Here we can see the accuracy of the full model.
#use accuracy() to compute common accuracy measures
options(digits = 6)
accuracy(valid.lm.pred, # predicted outcomes
valid_lm.df$weekly_attendance)
## ME RMSE MAE MPE MAPE
## Test set 206.618 5745.79 3751.68 -0.69019 6.13995
we next viewed the distribution of the residuals and saw that we had some fairly serious outliers. We feel as though these would not be too detrimental in practice because we would know that the values are off.
#view the distribution of residuals
ggplot(data = as.data.frame(valid.resid), aes(y = valid.resid)) + geom_boxplot()

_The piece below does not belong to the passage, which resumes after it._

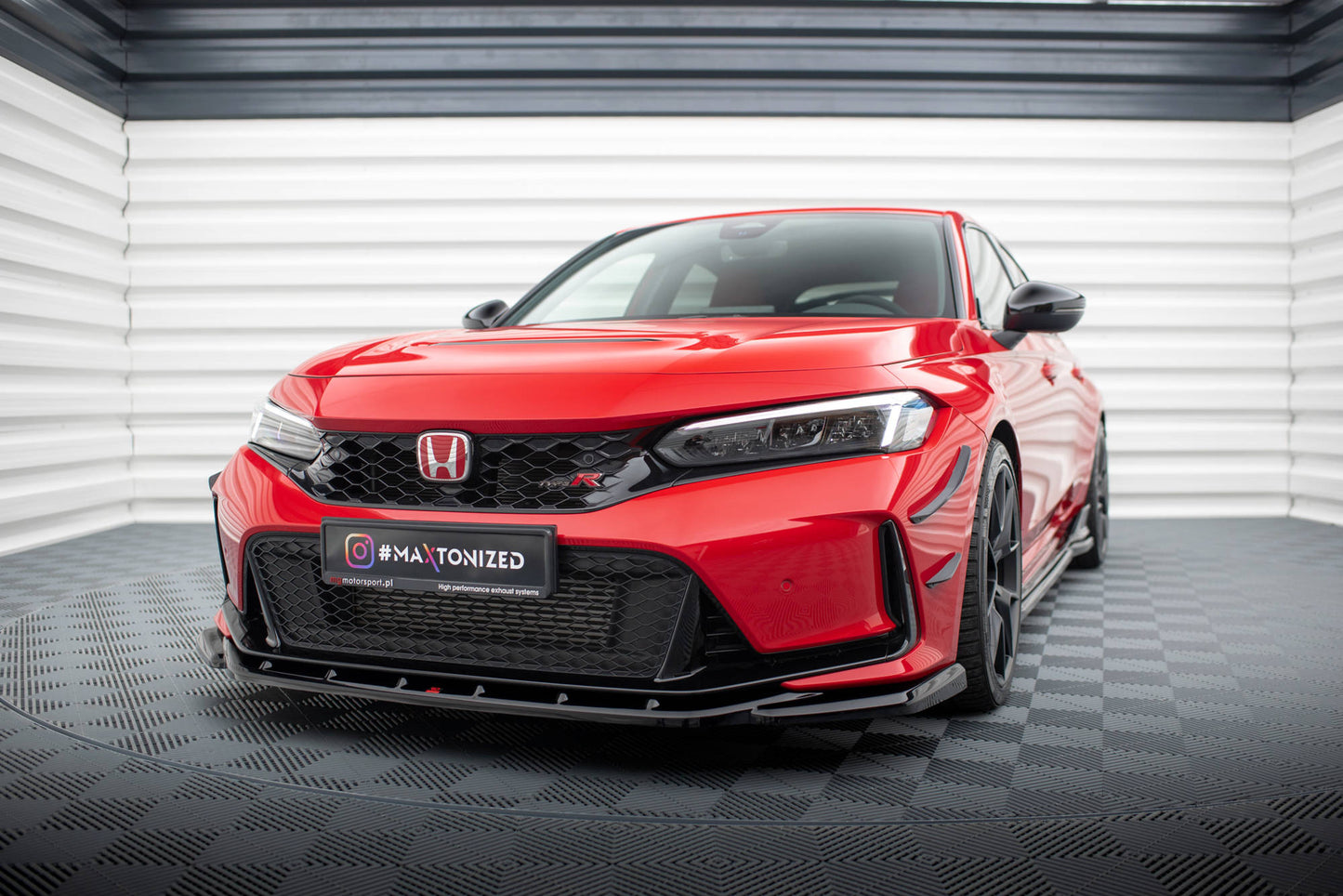Front Ansatz V.3 für Honda Civic Type-R Mk 11 schwarz Hochglanz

#full model with all predictors
attendance.lm.null <- lm(weekly_attendance ~ 1, data = train_lm.df) # intercept-only model
Next, we performed foward, backward, and stepwise regressions.
#Forward Selection
attendance.lm.fwd <- step(attendance.lm.null, # initial model
scope = list(attendance.lm.null, upper = attendance.lm), # range of models
direction = "forward") # forward selection
valid.fwd.pred <- predict(attendance.lm.fwd, valid_lm.df)
options(digits = 6)
#Backward Elimination
attendance.lm.back <- step(attendance.lm, # start with full model
direction = "backward") # backward elimination
valid.back.pred <- predict(attendance.lm.back, valid_lm.df)
options(digits = 6)
#Stepwise Regression
attendance.lm.step <- step(attendance.lm.null, # initial model
scope = list(attendance.lm.null, upper = attendance.lm), # range of models
direction = "both") # stepwise regression
valid.step.pred <- predict(attendance.lm.step, valid_lm.df)
options(digits = 6)
We then compared the accuracy of all of these models.
#Prediction Performance
#Regression Tree
accuracy(pruned.valid.rt.pred, valid_lm.df$weekly_attendance)
## ME RMSE MAE MPE MAPE
## Test set -80.928 5313.68 3239.44 -0.896563 5.3456
#Foward
accuracy(valid.fwd.pred, valid_lm.df$weekly_attendance)
## ME RMSE MAE MPE MAPE
## Test set 205.43 5740.86 3750.68 -0.691569 6.13895
#Backward
accuracy(valid.back.pred, valid_lm.df$weekly_attendance)
## ME RMSE MAE MPE MAPE
## Test set 205.43 5740.86 3750.68 -0.691569 6.13895
#Stepwise
accuracy(valid.step.pred, valid_lm.df$weekly_attendance)
## ME RMSE MAE MPE MAPE
## Test set 205.43 5740.86 3750.68 -0.691569 6.13895
# Compare to the original model (Full Model)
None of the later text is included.